Nate Fleming, the beekeeper, is a different person from Nate Fleming, the attorney. Nate, the chimney sweep, isn’t the same as Nate, the cardiologist.

So how do I choose who I am?

Maybe that’s a bit too deep for this little column of mine. Maybe I should try to view this more practically, and decide not who I should be, but what I should do.

But I’m good at so few things. And, on top of that, I enjoy even less than what I’m capable of.

Most of my distinctive strengths have no place on a rÃ.èsumÃ.è, and my most glaring weaknesses are exactly the things that do.

For instance, I could never call myself a motivated self-starter with a straight face.

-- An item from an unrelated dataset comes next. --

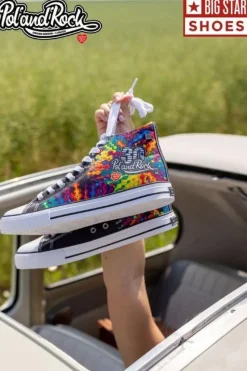 Big Star Shoes Wysokie Trampki Męskie - 30. POL 'AND'ROCK X BIG STAR OO174800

I don’t even have any real goals. Never have, really. Making a decent salary would be nice, sure, but I’ve never felt satisfied with simply earning money. Do I want to be an outright success or do I want to enjoy myself? I don’t know, but those two options seem mutually exclusive.

And how many jobs will just be replaced by robots of the future, or outsourcing for that matter? I’m going to be around for another 50 years, give or take, and the job market will look significantly different then than it does now.

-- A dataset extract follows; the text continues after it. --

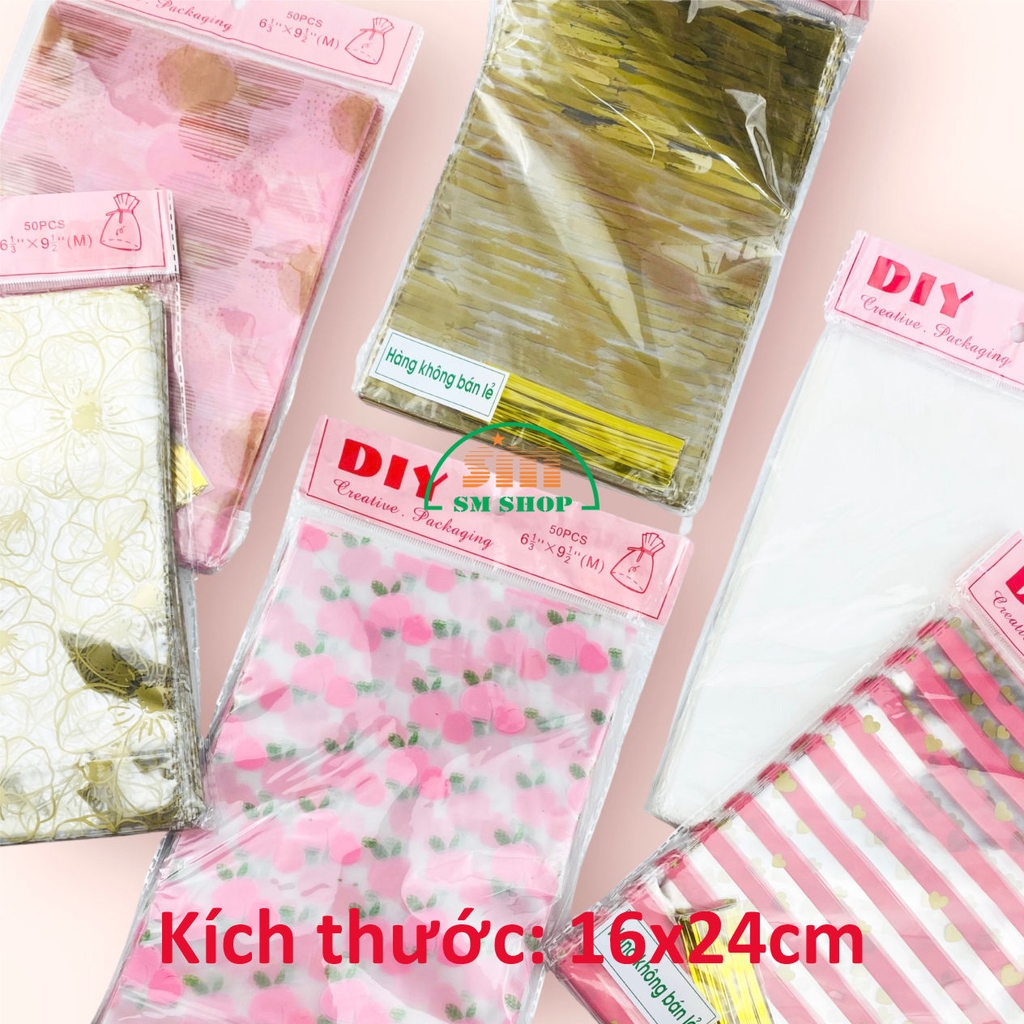 Túi nilon đựng bánh kẹo (50)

Maybe I should look into becoming a mortician or pursing a career with the IRS.

But until I absolutely have to choose a career, I’d like to keep my options open. And I’ll even scratch off lion and Indian from the list. I’ll be realistic.

I’ve tried to narrow my ‘‘maybes’’ list down to three. I could see myself as the Prince of Thieves, a Gentleman of Fortune or an International Man of Mystery.

Someday soon, I’ll have to grow up. But not yet.